1. The documentary record: who called him CI‑7 and what that meant
Published Freedom of Information Act records and court materials assembled by The Smoking Gun and summarized by major outlets show an FBI/NYPD task force labeled a source “CI‑7,” whom agents described as supplying reliable information that contributed to wiretap applications and surveillance of Genovese family social clubs and phones in the 1980s [1] [2]. Those accounts say the source carried a briefcase modified with recording devices, was paid small sums by agents, and taped conversations with mob figures — details repeated across Time, The New York Times and other reporting [3] [2].
2. What Sharpton has admitted and what he denies
Sharpton publicly acknowledged cooperating with law enforcement beginning in the early‑to‑mid 1980s and said he recorded some conversations when his life was threatened by people in the music business, but he has insisted repeatedly that he never considered himself an informant “flipped” by the government and disputes the breadth of the Smoking Gun’s characterizations [3] [4]. In press comments he framed his actions as self‑defense and as cooperation to address drug flow and exploitation of Black artists, not as betraying civil‑rights allies [5] [4].
3. The link to mob prosecutions and to Don King or music executives
Reporting credits information from the CI‑7 material with helping secure electronic surveillance that targeted leaders and associates of the Genovese crime family, and earlier accounts have tied Sharpton’s cooperation to investigations touching figures such as boxing promoter Don King and music‑industry actors accused of exploiting Black performers [3] [5]. Sources vary on specificity: The Smoking Gun and contemporaneous press cite use of leads in wiretap affidavits against organized‑crime targets [1] [2], while other outlets note longstanding ambiguity about whether Sharpton’s role directly “brought down” major bosses or was one piece among many in broader investigations [3] [6].

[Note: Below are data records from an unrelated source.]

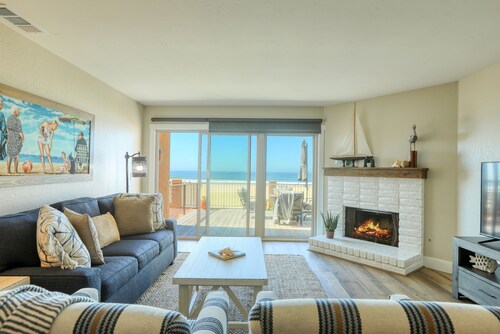 Beachfront Family Favorite - Pismo Shores #135
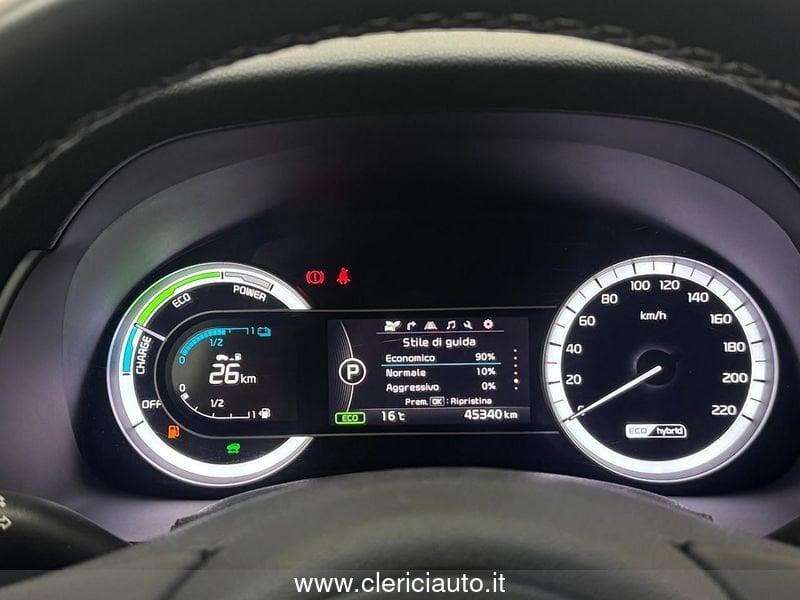 KIA Niro 1.6 GDi DCT HEV Style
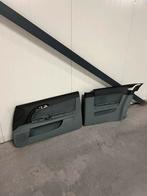 Audi A3 8P Deurpanelen - grijs, Ophalen, Gebruikt, Audi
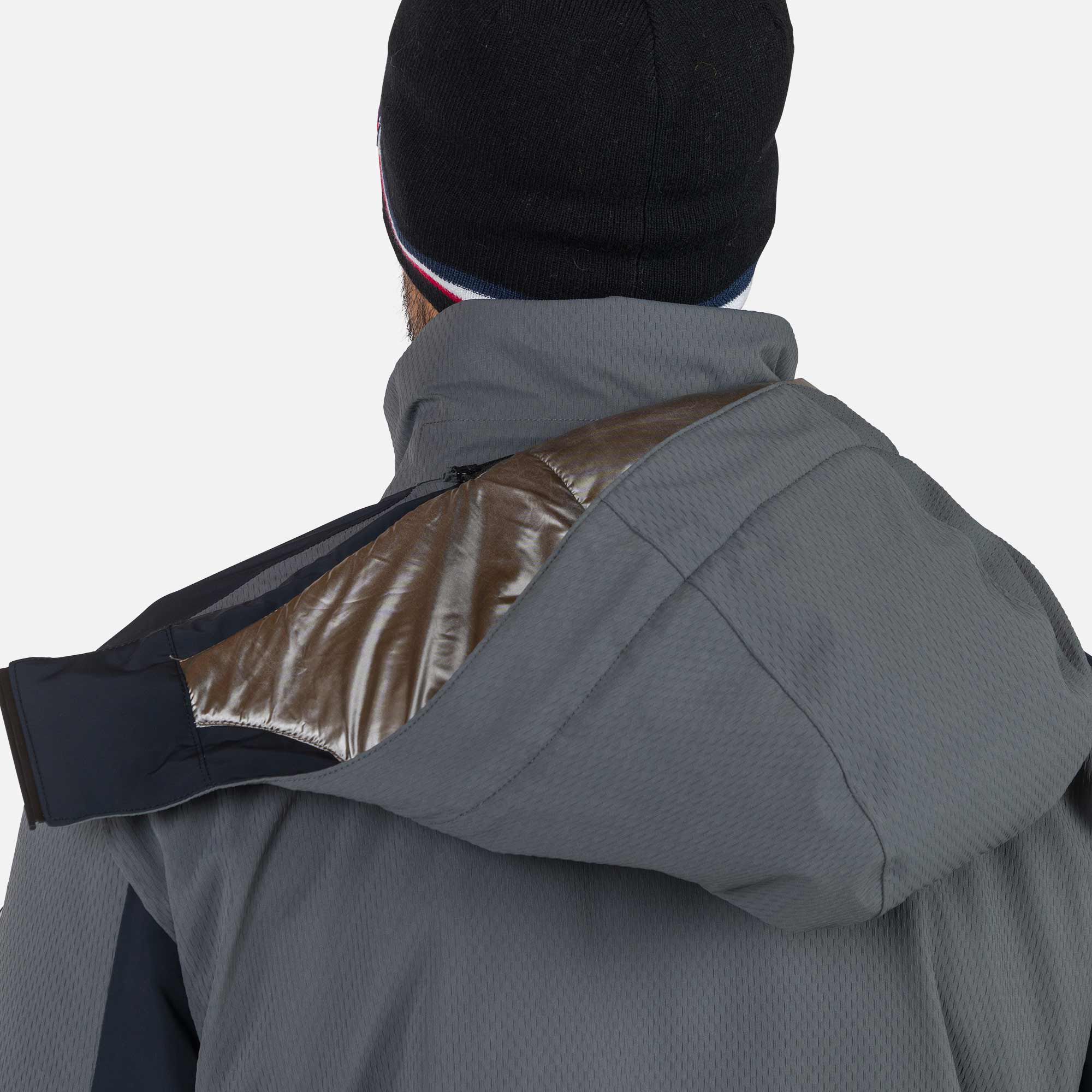 Men's Diretta Mix Ski Jacket | Black | Rossignol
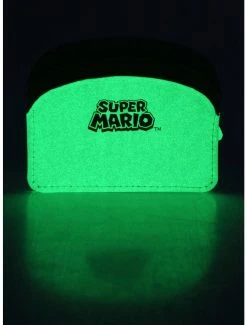 Gamer Super Mario Boo Glow-in-the Dark Cardholder - BoxLunch Exclusive -Cheap Anime Store 17060704 av3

4. Competing narratives and possible agendas in the reporting
There is a clear divide between outlets emphasizing archival FBI documents to portray Sharpton as a paid, active informant (The Smoking Gun, summarized by The New York Times and others) and Sharpton’s defense that his cooperation was limited, protective, and has been sensationalized [1] [2] [4]. Critics and partisan commentators have used the revelations to impugn Sharpton’s credibility and political associations; defenders warn the coverage risks criminalizing a Black activist who says he sought to protect communities and artists from exploitation [7] [8]. The primary sources observed by reporters came from law‑enforcement files and anonymous task‑force interviews, which can confirm agency labels and actions but leave room for disputes over motive and context [1].
5. What can — and cannot — be concluded from the available reporting
The documented record in FOIA releases and court filings, as published by The Smoking Gun and reported by mainstream outlets, supports that Sharpton acted as a source for organized‑crime investigators in the 1980s and was identified internally as CI‑7; those materials describe recordings and use of his information in wiretap applications [1] [2]. What remains contested in the public record is the exact scope of his contribution (whether he “helped take down” specific bosses or executives as a principal actor versus providing one of several leads), his characterization of his role as victim‑cooperator rather than a formal informant, and the degree to which later accounts may overstate or politicize those activities [3] [4] [9]. Reporting here is limited to the documents and interviews available; it cannot definitively resolve Sharpton’s subjective state of mind or every causal link between his cooperation and individual prosecutions absent additional court findings or direct agency confirmation beyond the cited records [1] [2].